Policing is, by its very nature, a high-risk occupation. Officers are never deployed into a neutral setting. They enter volatile situations, deal with the drunk, the drugged and those with complex mental health conditions, and are required at times to use force.


That reality is neither new nor unforeseen; it's the core function of the role. The public therefore expects — and is entitled to expect — a higher threshold of professionalism, self-control and tactical competence than would be demanded in almost any other walk of life.


Few can forget the PC 'Lesbian Nanna' Story which sparked national headlines highlighting the unsuitability of some individuals in the role of the being a Constable
Few can forget the PC 'Lesbian Nanna' Story which sparked national headlines highlighting the unsuitability of some individuals in the role of the being a Constable

Yet there's a growing perception that the modern police recruitment model is prioritising sheer numbers over resilience, physical capability and conflict management skills. When an officer is faced with a physically imposing detainee — the often cited example of a 6ft 6in man — the issue should not be one of panic, loss of control or excessive force. It should be a test of training, teamwork and disciplined restraint. Police officers are granted extraordinary powers. In return, it demands extraordinary standards.


That is why each proven case of misconduct carries consequences far beyond the individual officer involved. It corrodes the legitimacy upon which all policing depends. It means that when the force quite rightly condemns violence against its personnel, a significant section of the public responds not with sympathy, but with scepticism.


None of this is to excuse those who assault officers. The courts have been correct to impose custodial sentences in serious cases. But a mature and confident police service would recognise that legitimacy is not secured by highlighting only the dangers it faces. It's secured by acknowledging, with equal prominence and transparency, the harm caused when their own officers seemingly cross the line.

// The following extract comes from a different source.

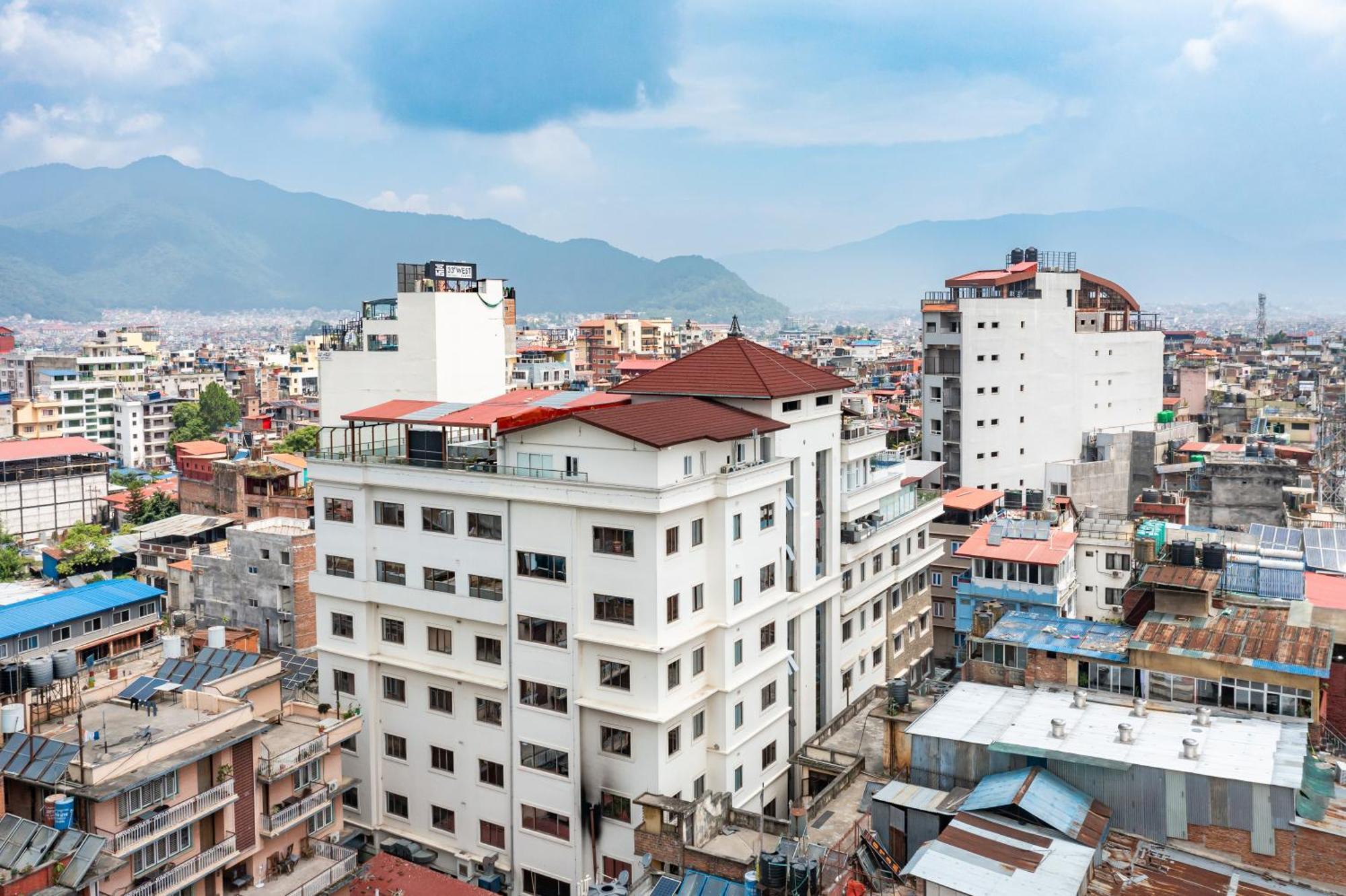 Hotel Lo Mustang Catmandu Exterior foto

Until Cleveland Police confronts that dual reality — that it can be both victim and the perpetrator within the same institutional history — their appeals for public solidarity will continue to ring hollow in the communities its now lost all confidence with.


The Deaths of those in the custody of Cleveland Police over the years makes the sympathy argument for the police force ever harder to justify.
The Deaths of those in the custody of Cleveland Police over the years makes the sympathy argument for the police force ever harder to justify.

For some families in Teesside, the debate about police violence is not an abstract argument played out in court reports and media statements. It is a walk to a graveside. And no press release can compete with that.